Indiscutablement, le textile possède une grande importance, ce que démontre brillamment cette exposition à la scénographie parfaitement réussie.
Ce jeudi 14 septembre, à 18h30, « nocturne » au coeur d’ « Entrelacs. Textiles rituels », en compagnie de la commissaire d’exposition, Lucie Smolderen. Prix d’accès à cette nocturne : 10€ (7€, dès 12 ans). Possibilité, ensuite, pour un supplément de 5€, de profiter d’un moment de convivialité, avec une planche apéritive et un verre de vin. Réservations obligatoires : accueil@museedumasque.be & 064/33.57.41.
Le samedi 23 septembre, à 10h, atelier de sérigraphie à l’encre végétale, une initiation pour tous, à partir de 8 ans, menée par le « Laboratoire d’Arts textiles ». Lors de cet atelier, nous composerons notre motif à partir de plantes, cueillies sur place, et participerons à une réflexion autour du rituel de la cueillette de plantes et de leur préparation. Prix d’accès (incluant l’entrée au musée) : 12€ (8€, pour les enfants).
Ce même samedi 23 septembre, à 14h, en guise de clôture de la présente exposition temporaire, une conférence est programmée : « Regards croisés sur les Textiles rituels ». Entrée gratuite (réservations souhaitées).
Ouverture : jusqu’au dimanche 24 septembre, du mardi au vendredi, de 09h30 à 17h, samedi & dimanche, de 10h30 à 17h. Prix d’entrée (incluant l’accès aux collections permanentes) : 8€ (7€, pour les étudiants et seniors / 6€, pour les enfants / 1€25, pour les « Art. 27 » / 0€, pour les moins de 6 ans). Prix par personne, au sein d’un groupe : 7€ (6€, pour un groupe d’étudiants ou de seniors / 3€, pour un groupe d’enfants / 1€ , pour une groupe scolaire de la Fédération Wallonie Bruxelles). Catalogue : 40€. Contacts : accueil@museedumasque.be, 064/33.57.41 & 064/23.89.29. Site web : http://www.museedumasque.be.
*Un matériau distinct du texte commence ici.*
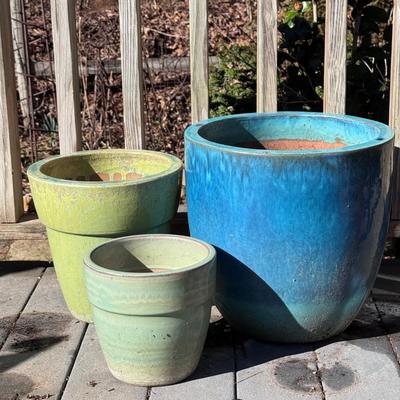 Norca Pottery and Other Ceramic Glazed Garden Pots (BD-DZ)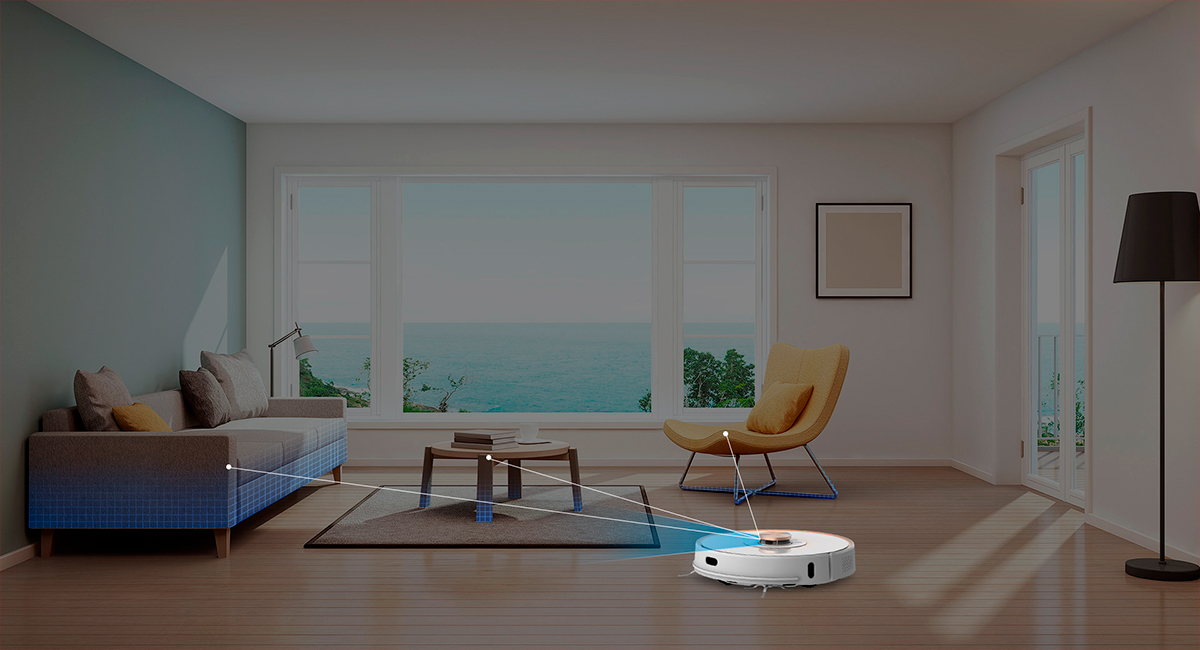 Купить Роботпылесос Lenovo Robot Vacuum Cleaner T1 б\у, не комплект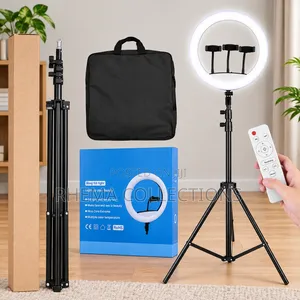 18-Inch LED Ring Light With Tripod Stand,Remote Control &Carrying Bag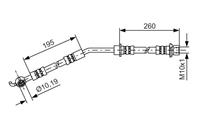 Шланг тормозной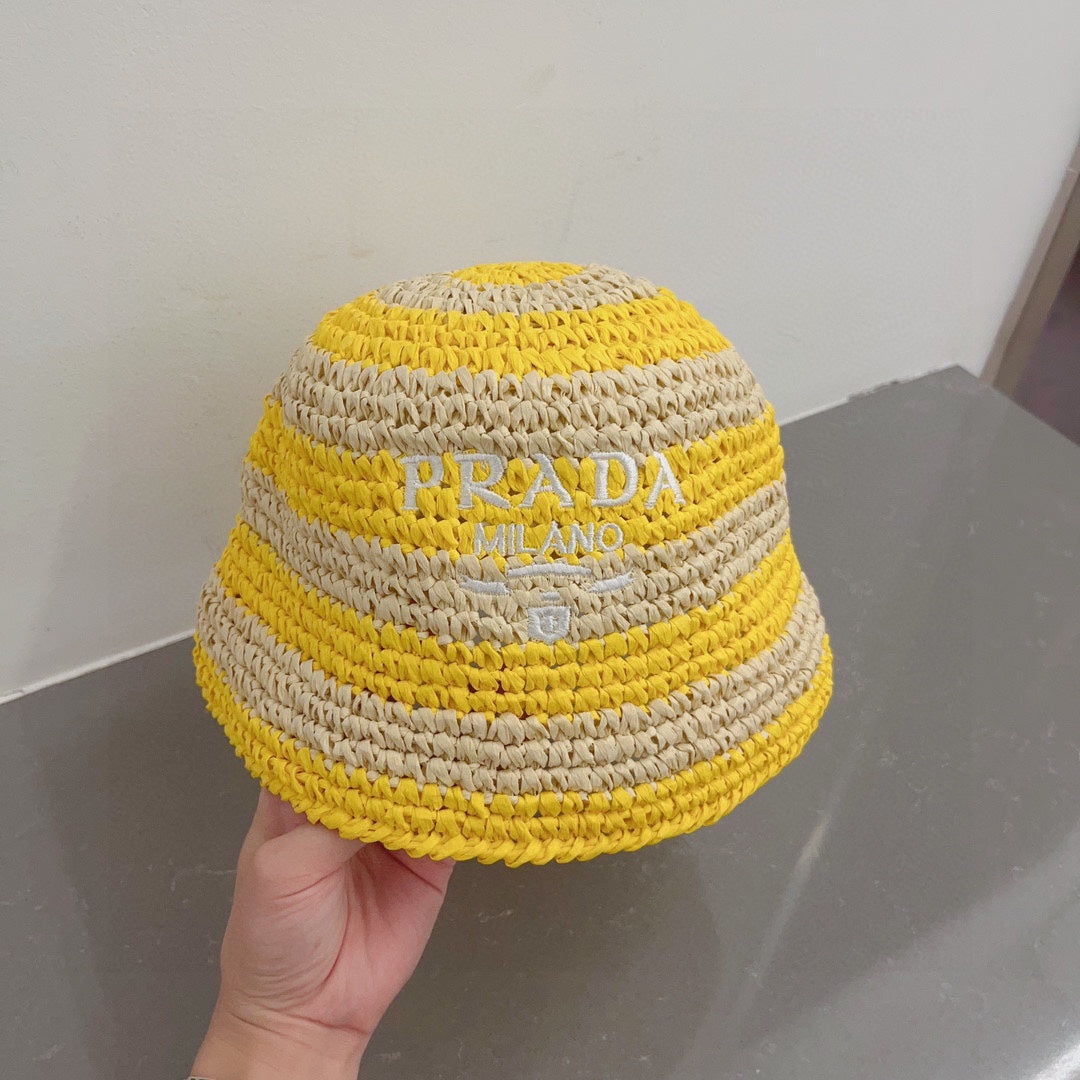 Colorblock Raffia Straw Hat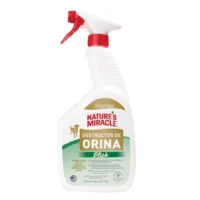 Natures Miracle Destructor de Orina para Perros 32 oz — Elimina Manchas y Olores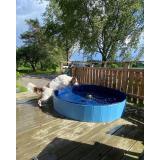 Hund pool i tre storlekar
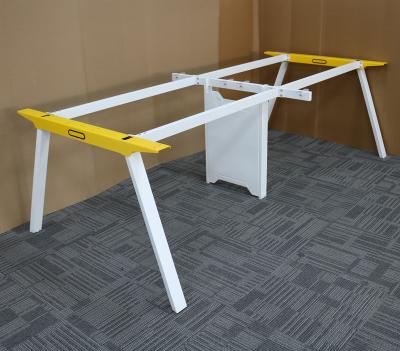 China Guangzhou Modern Manufacturer Fashionable Furniture Leg Metal Table Frame For 4 Person Workstation Table for sale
Bien sûr, n’hésitons pas à (re)découvrir, sans supplément de prix d’entrée, la formidable collection permanente « Masques au cinq Coins du Monde ».
Notons que jusqu’au mercredi 08 novembre inclus, la section « Centre d’Interprétation du Carnaval de Binche » n’est pas accessible. Il en sera de même, du lundi 16 jusqu’au mardi 31 octobre inclus, pour les « Carnavals et Folklores de Wallonie ». Afin de compenser ces fermetures temporaires, du dimanche 24 septembre jusqu’au mercredi 08 novembre inclus, les tarifs seront adaptés.
Yves Calbert,
à partir des textes du « Musée international du Carnaval et du Masque ».